How does this relate to interior design? Well. I don’t really know if this is common practice in interior design or not, but I would imagine you use grids when making plans? :)
Personally, whenever I am planning on buying furniture I section my room into grids that are meaningful to me. Then I try to use this grid to determine where things will go, and how the stuff will look structurally in the space. Will there be a large enough gap between the different elements in the room, or will it be too congested? Will there be symmetry? If not, would it be intentional?
These are all valid questions to ask for a document as well. Is there enough leading in paragraphs for it to be readable? Is there enough spacing between blocks of text and/or graphical elements? Do the elements have room to breathe, or are they too congested? Is there enough white space? Is the text left-aligned (staggered right)? Centered? Justified? Is your alignment choice justified? :)
If there’s one thing you take away from this, then it would be this: If you’re designing a document that is tied to an interior design project, the strongest advice I can give you is to print out whatever document you’re creating (website, paper, poster, presentation) and imagine this document on the wall of the space you’ve designed. Does the document blend in with your designed space? Why / why not?
This might be a valuable exercise for you to do on your own—choose two-three visually distinct interior design projects from design portfolios online, and try to design a one pager document talking about that design, keeping in mind that the document should be cohesive with the rest of the design—your identity.
Note: Please don’t take this as a reason to simply copy what you have physically to another medium—take advantage of each medium while copying certain design attributes such that it feels cohesive. For example, if designing a digital info web page for your interior design project, make use of what the digital makes available to you that the physical medium might not have—hyperlinks, animations, videos etc. However while presenting this info you can use formal and structural cues from your interior design system.
Now talking about cohesion brings us to a very important part of the design process—the context of your design.
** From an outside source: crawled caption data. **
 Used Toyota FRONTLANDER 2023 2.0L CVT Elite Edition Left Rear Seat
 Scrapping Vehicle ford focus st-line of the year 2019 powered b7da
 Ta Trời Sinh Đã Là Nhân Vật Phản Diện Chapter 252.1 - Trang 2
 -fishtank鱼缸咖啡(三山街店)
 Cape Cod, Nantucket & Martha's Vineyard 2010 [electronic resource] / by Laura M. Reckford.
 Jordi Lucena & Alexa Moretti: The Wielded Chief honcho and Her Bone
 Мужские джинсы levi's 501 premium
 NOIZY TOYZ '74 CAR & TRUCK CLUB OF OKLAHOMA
Again, drawing parallels with your Interior Design project, you’re designing for Temporary Hospitality in the Sharing Economy, where you’re utilizing shipping containers as modules to situate your designs in. However these containers don’t live on their own. The project brief mentions the physical location, and prompts you to think about the surroundings when you design your rooms. This is vital to a well-designed project.
This same train of thought can be applied to graphic communication. While many times you will be presenting your project alone without an idea of what the surroundings are going to be like, many times you’ll be presenting as part of a team (like for this project). Even though your individual detailed designs will be different, you will be taking your teammate’s plans into account. Similarly, it would be ideal for you to also consider your teammates’ designs in addition to your own when designing your communication material. Also, you will decide stuff like color application and material exploration as a team. These factors are directly transferable to a graphic communication system.
While the applications of the disciplines of graphic and interior design might be very different, having basic skills in either discipline would be beneficial to everyone. Both disciplines have enough similarities in their design process though that one can cross-apply some of these principles on an abstract level to make better-inormed decisions.
Hopefully this would prompt you to think about graphic design assignments (like a poster or presetation design for your interior design projects) in a different way, while helping you approach the challenge with a mindset to get a visually cohesive communication material!